WHAT IS NEEDED - Your answer must be an exact copy of the records below, minus the pictures.

Short text fragments from websites -
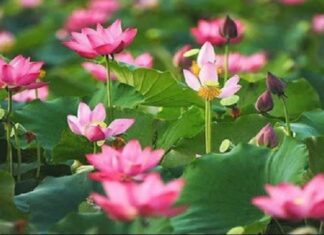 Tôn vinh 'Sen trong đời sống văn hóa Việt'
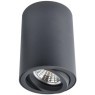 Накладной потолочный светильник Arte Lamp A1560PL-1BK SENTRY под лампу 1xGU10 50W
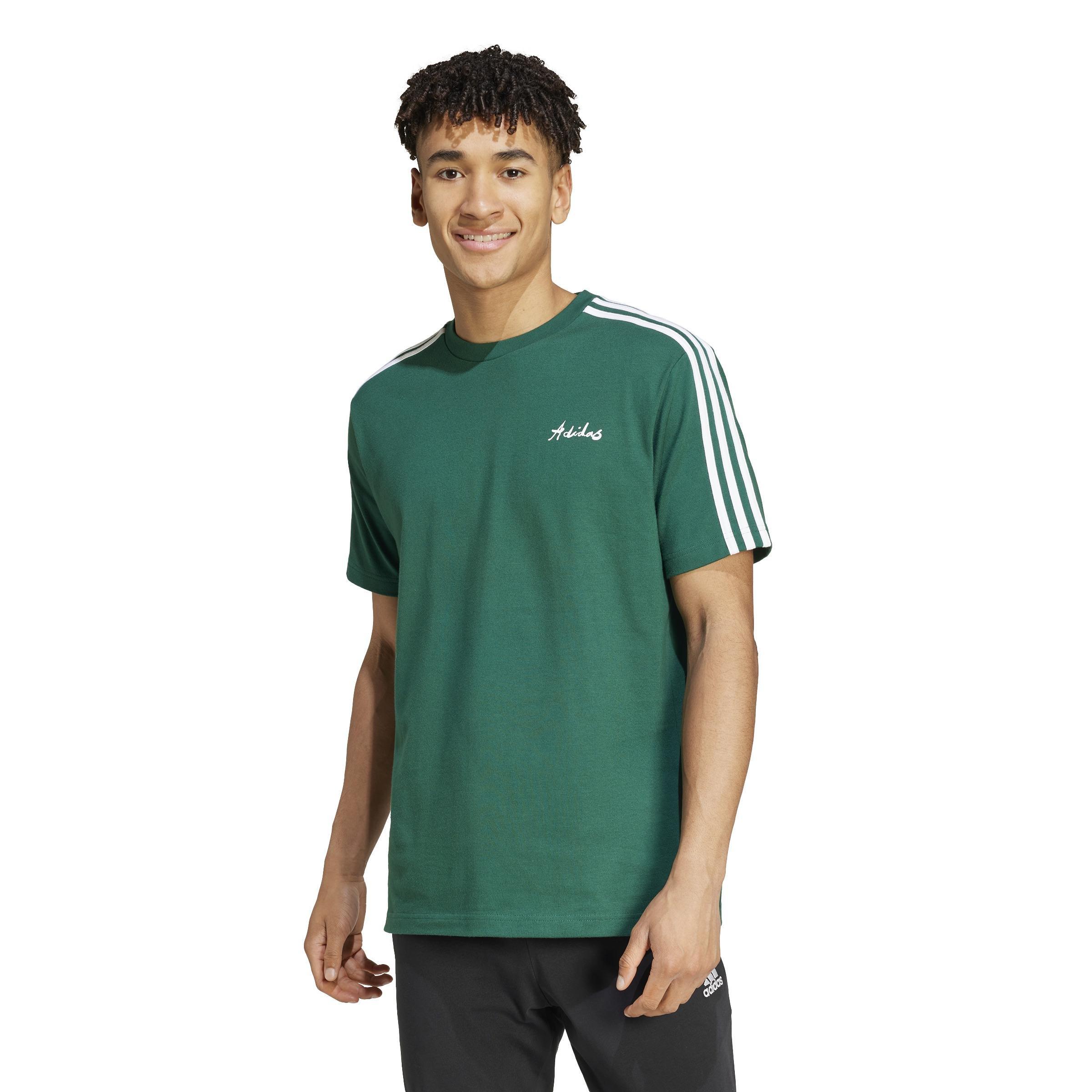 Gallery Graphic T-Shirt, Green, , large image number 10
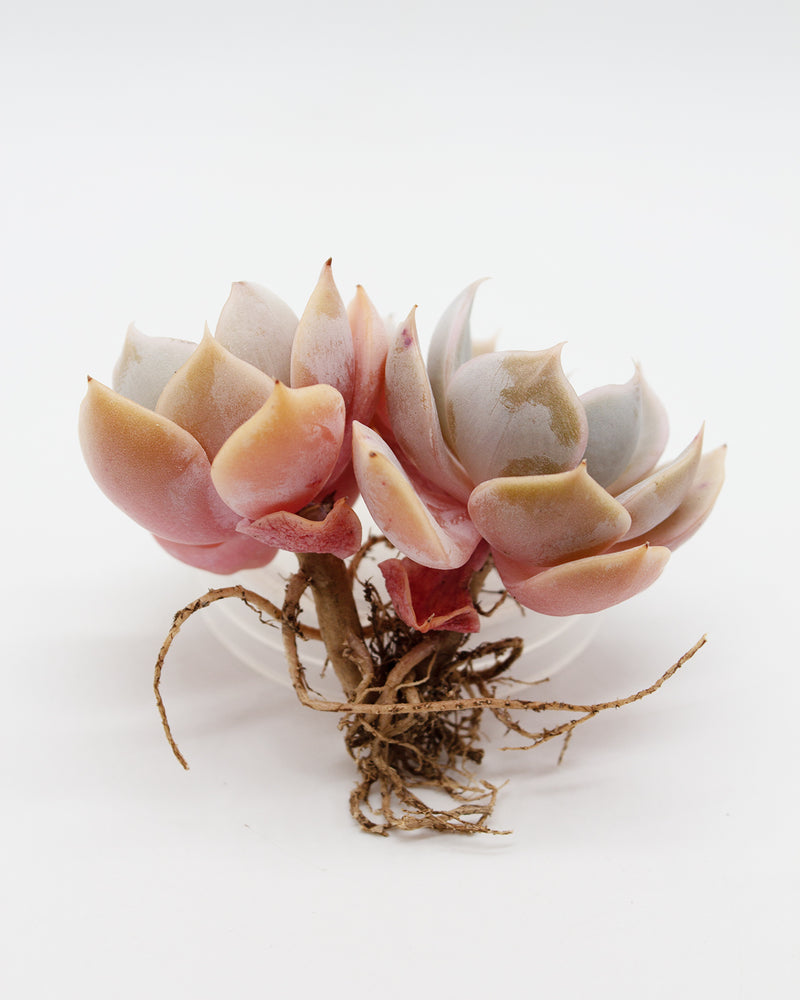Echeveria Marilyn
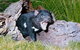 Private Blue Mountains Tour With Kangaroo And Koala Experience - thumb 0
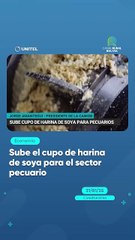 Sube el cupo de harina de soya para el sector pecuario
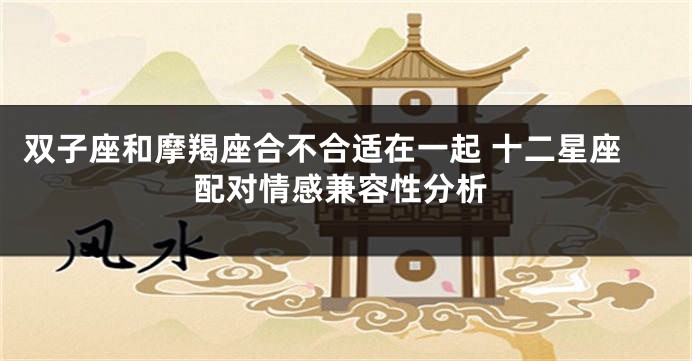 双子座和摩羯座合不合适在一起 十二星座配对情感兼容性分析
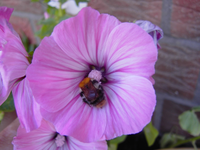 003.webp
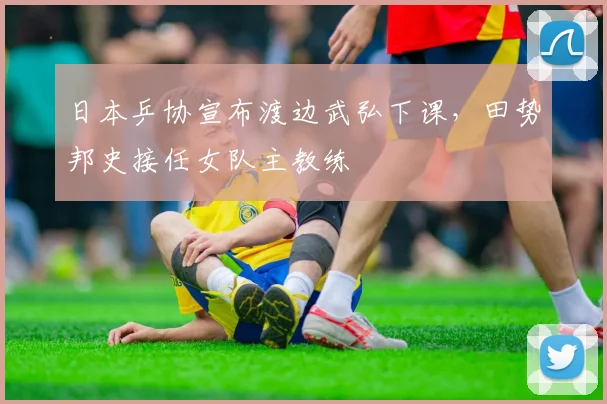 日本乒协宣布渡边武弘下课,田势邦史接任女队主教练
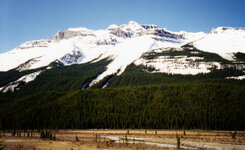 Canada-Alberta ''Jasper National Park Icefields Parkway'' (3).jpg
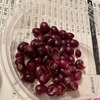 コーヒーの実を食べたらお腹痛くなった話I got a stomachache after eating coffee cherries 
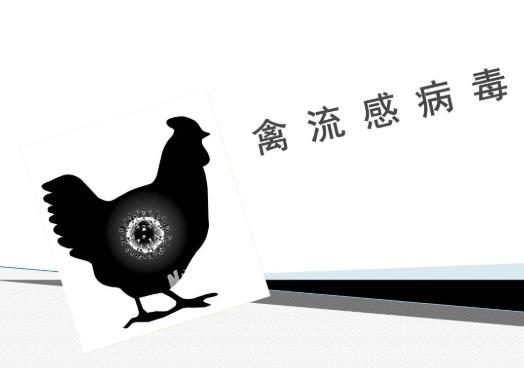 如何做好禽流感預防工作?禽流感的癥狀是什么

TASK ANSWER -
 Tôn vinh 'Sen trong đời sống văn hóa Việt'
 Накладной потолочный светильник Arte Lamp A1560PL-1BK SENTRY под лампу 1xGU10 50W
 Gallery Graphic T-Shirt, Green, , large image number 10
Echeveria Marilyn
 Private Blue Mountains Tour With Kangaroo And Koala Experience - thumb 0
 Sube el cupo de harina de soya para el sector pecuario
 双子座和摩羯座合不合适在一起 十二星座配对情感兼容性分析
 003.webp
 日本乒协宣布渡边武弘下课,田势邦史接任女队主教练
 Canada-Alberta ''Jasper National Park Icefields Parkway'' (3).jpg
 コーヒーの実を食べたらお腹痛くなった話I got a stomachache after eating coffee cherries 
 如何做好禽流感預防工作?禽流感的癥狀是什么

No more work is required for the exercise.